Glass cloth. 2*135gm  E cloth and 1x124gm S cloth. 

Slow cure epoxy East Coast fibreglass

2 pack high build epoxy primer.  SML Paints

Roller

Paint brush

Mixing pots

Safety glasses

The process

Making the hull and components

  1. My first question was what layup to use.  Looking at the boat builder sites, I guessed my layup would provide a strong but not too heavy boat however I tried a few layups on a test mould to see what I would get.  In the end I used 2*135gm E cloth and 1x124gm S cloth.  I am going to build a new boat and use 3 layers of 124gm S cloth which is stronger and will use less epoxy.

  2. At the same time as laying up the hull, I made the hull components using the same layup.  I needed a mould for the deck area just aft of the foredeck for which I prepared a separate mould The picture shows the mould under construction prior to rubbing smooth.  Components for the bow, stern and bulkhead,  simply a glass and epoxy sheet laid on a flat board covered in packaging tape which is a great release agent.  For the rudder and servo supports, I laid glass over strip wood wrapped in packaging tape to create a light rigid beam to bond across the boat.  See image 5 and 6.

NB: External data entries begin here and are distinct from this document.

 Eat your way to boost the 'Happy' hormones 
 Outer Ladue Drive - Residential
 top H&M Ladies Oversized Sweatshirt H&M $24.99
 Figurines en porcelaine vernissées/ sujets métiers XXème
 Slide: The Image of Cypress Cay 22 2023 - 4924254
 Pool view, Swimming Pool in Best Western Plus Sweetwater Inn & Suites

  3. The hull is laid up in the same way as the plug.  Pre cut the cloth and mark a centreline on the hull and the cloth.  Allow for an overlap of 1 inch on the foredeck.  See image 2 and 3 

  4. I used West systems slow cure epoxy resin which in the Summer gave me about half an hours work time.  Stop work when the epoxy starts to go stringy and clean your tools with Acetone.   

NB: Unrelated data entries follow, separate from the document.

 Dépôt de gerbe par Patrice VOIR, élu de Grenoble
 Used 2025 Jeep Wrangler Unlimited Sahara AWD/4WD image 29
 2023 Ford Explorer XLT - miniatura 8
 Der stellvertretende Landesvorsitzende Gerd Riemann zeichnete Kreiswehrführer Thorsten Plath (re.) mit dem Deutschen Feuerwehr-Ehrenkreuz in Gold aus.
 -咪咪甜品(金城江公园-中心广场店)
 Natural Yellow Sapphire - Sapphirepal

  5. I use Nitril gloves which I wash in acetone to remove any sticky epoxy.  I also use a full face filter mask although this is not needed.  Unlike Polyurethane, epoxy does not smell too bad 

  6. To begin the layup, paint the hull with epoxy.

  7. Add the first layer of E cloth and saturate the glass with epoxy using the aluminium roller.  Take your time and make sure you get rid of all air bubbles.  I worked on the hull first and then turned the mould over to work on the deck.  Allow a 1 inch overlap on the deck and cut any excess cloth away with scissors.  Keep a jar of acetone handy to keep the scissors clean.  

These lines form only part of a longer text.